How to Add Arabic Keyboard on macOS (Mac)

Set up the Arabic 101 layout in under 2 minutes — and learn the shortcut to switch back and forth.

Last updated: May 2026

Practice this now

Move from reading to hands-on typing with Arabic Typing 101.

macOS adds the Arabic keyboard through System Settings → Keyboard → Input Sources. "Arabic - PC" is the most portable choice (it's the Arabic 101 layout used everywhere else), but if you prefer macOS's own "Arabic" layout, Arabic Typing 101 now supports that too — just set your keyboard variant to "Mac" in Account → Preferences and every lesson adapts.

Quick facts

Layout to pick
Arabic - PC (= Arabic 101)
Switch keyboards
Control + Space (or ⌃ + Option + Space to cycle)
Time required
About 2 minutes
Cost
Free (built into macOS)

Step-by-step instructions

  1. 1

    Open System Settings

    Click the Apple menu in the top-left, then System Settings. (On macOS 12 and older it's called System Preferences.)

  2. 2

    Go to Keyboard → Input Sources

    In the sidebar click Keyboard, then click Edit… next to "Input Sources" (or Text Input on older versions).

  3. 3

    Click the + button

    At the bottom-left of the input sources list, click the + button to add a new keyboard layout.

  4. 4

    Pick Arabic in the left column

    Scroll the left language list and click Arabic.

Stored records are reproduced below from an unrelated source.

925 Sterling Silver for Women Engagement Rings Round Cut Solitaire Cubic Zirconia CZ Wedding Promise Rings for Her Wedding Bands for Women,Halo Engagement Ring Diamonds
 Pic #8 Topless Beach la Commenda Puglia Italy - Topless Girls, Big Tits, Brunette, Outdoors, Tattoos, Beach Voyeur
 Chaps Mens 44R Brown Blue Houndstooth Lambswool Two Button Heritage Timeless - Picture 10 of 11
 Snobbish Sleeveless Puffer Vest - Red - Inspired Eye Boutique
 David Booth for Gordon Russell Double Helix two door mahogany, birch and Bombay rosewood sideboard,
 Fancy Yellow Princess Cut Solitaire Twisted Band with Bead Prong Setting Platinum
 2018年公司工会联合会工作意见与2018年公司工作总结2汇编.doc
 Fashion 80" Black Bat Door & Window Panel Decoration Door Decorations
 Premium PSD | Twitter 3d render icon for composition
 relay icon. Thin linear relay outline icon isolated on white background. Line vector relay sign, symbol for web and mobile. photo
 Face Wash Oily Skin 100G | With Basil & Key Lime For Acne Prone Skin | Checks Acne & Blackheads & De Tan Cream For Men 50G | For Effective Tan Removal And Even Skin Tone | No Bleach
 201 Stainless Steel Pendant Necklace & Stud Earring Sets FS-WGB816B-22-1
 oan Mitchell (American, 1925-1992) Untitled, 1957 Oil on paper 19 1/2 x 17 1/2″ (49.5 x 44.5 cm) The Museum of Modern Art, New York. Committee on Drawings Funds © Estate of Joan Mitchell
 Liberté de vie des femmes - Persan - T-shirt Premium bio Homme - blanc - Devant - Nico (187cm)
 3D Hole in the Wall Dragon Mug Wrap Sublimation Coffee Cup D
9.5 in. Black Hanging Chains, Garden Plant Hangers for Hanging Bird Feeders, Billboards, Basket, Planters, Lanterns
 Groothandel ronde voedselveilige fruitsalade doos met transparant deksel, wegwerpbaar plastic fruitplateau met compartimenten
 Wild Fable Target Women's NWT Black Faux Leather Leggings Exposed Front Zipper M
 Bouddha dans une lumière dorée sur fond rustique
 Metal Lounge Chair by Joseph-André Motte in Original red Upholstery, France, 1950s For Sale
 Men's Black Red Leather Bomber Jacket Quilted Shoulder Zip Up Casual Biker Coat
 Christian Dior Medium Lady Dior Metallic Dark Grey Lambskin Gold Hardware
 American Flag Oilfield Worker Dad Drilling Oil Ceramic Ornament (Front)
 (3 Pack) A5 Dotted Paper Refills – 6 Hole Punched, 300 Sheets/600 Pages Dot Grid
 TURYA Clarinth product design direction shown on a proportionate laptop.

The right panel will show all available Arabic layouts.

  5. 5

    Select your layout (Arabic - PC or Arabic)

    For the most portable setup choose "Arabic - PC" — the Arabic 101 layout used on Windows and standard Arabic keyboards. If you'd rather use macOS's native "Arabic" layout (a few letters like د، ذ، ة، و sit on different keys), pick that instead and set your keyboard variant to "Mac" in Account → Preferences — the course teaches both. Skip "Arabic - QWERTY" (a phonetic mapping) unless you specifically want it.

  6. 6

    Click Add and enable the menu bar indicator

    Click Add. Back in Keyboard settings, enable "Show Input menu in menu bar" so you can see which keyboard is active. Use Control + Space to switch.

Troubleshooting

macOS shows three Arabic options — Arabic, Arabic - PC, and Arabic - QWERTY. Which one?

"Arabic - PC" is the Arabic 101 layout — the one used by every Windows machine and standard Arabic-labelled keyboard, so it's the most portable choice. "Arabic" is macOS's own layout, which moves a handful of letters (د، ذ، ة، و and a few others) to different keys; Arabic Typing 101 fully supports it — set your keyboard variant to "Mac" in Account → Preferences and the lessons and on-screen keyboard match it. "Arabic - QWERTY" maps Arabic letters phonetically onto their nearest English sound (alif → A, ba → B) and is convenient for beginners, but it's not a standard Arabic layout and isn't what the course teaches.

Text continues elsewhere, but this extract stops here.